National ducked this issue for several years by simply proclaiming that “non-one” owned water.
Hoiwever all that did was freeze the debate.
Ardern has a subtle variation on this.
“Everyone has a stake in water, but we acknowledge that particularly Maori do,” she said on Friday.
However, speaking at a media conference after the meeting with the Iwi Chairs she placed her emphasis on the work Labour was doing on water quality.
“No doubt we will keep having that discussion (about water ownership) but right now quality is a huge part of that focus,” she said.
In fact, Labour has given few clues to its thinking about how it might resolve the water ownership and allocation issue.
Indeed Ardern was even reluctant to put any sort of timetable on when it might be resolved.
“We are now coming into a conversation that has been going on for a long time, so it is now up to us to re-establish that.
“I just don’t think it would be right to come out at our first meeting (with the iwi chairs) and put deadlines on an issue like that.”
How difficult it will be to resolve was made clear by Nathan.
“The iwi chairs have always been clear that in terms of the Tiriti of Waitangi, there was a promise of a full and guaranteed tino rangatiratanga of taonga — water, lands and forestry estates — so the Treaty establishes our tino rangatiratanga over things like water,” he said.

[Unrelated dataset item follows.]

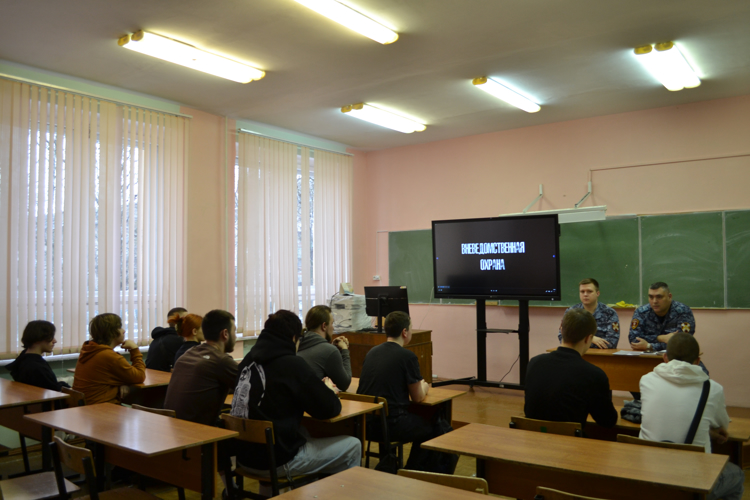 Новгородские росгвардейцы провели профессионально-ориентационную беседу среди учащихся колледжа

Some participants in the water debate have proposed a so-called “global” solution to the allocation of water like the fisheries’ settlement which would see Maori as a whole receive a share of water rights.
But given the very different nature of water bodies in different tribal rohe, this is unlikely to be an acceptable solution.
“One of the important principles that underpins our relationship here as iwi chairs is that it is up to each iwi to determine what is best for them in terms of mana, in terms of tino rangatiratanga, so it is not for us as a collective to decide what is important for each iwi.”
What this points to is that any final decision will also have to involve local Government since that is the only way that different solutions can be found that respect regional and rohe differences.
Back at Karetu, Ngati Manu gave the Prime Minister a dramatized account of their own history which highlighted the degree of scepticism that remains among Maori as to whether a Labour Government will deal with the fundamental constitutional issues that spring from the Treaty.
Though Ngati Manu signed the Treaty, their experience of it, in reality, was tragic.
After the 1845 Battle of Kororareka which saw the town now called Russell burned to the ground and the Pakeha inhabitants fleeing to Auckland, two British warships with regiments of soldiers aboard arrived to exact revenge.
Their immediate target was the Ngati Manu village of Otuihu sitting on the harbour near Russell.
But Ngati Manu had not taken part in the battle.
Nevertheless, their Chief, Pomare, was captured and their village bombarded by artillery and destroyed.
They fled 10 miles inland to Karetu where their current marae still stands.
The incident has plainly left bitter memories at Karetu.
In the drama presented to Ardern, a “nanna” who was present at the destruction of Otuihu calls on her present-day descendant to remember what happened in1845.
The descendant says things have changed; that we now have a Government with a woman leading it and Members of Parliament who whakapapa to Karetu.
Then the nanna asks: “Will this tauiwi (foreign) Government behave with honour in regard to us or is my fear that this remains unchanged well founded.”
The reply from her young descendant is enigmatic.
“We have not forgotten,” he said.
Labour has twice lost some of its Maori seats — in 1996 — and then after the foreshore and seabed debacle in 2005.
This Waitangi day marks the formal beginning of the Government’s relationship with Maori but as Ardern says, the weight of expectation will be high and old memories are still alive.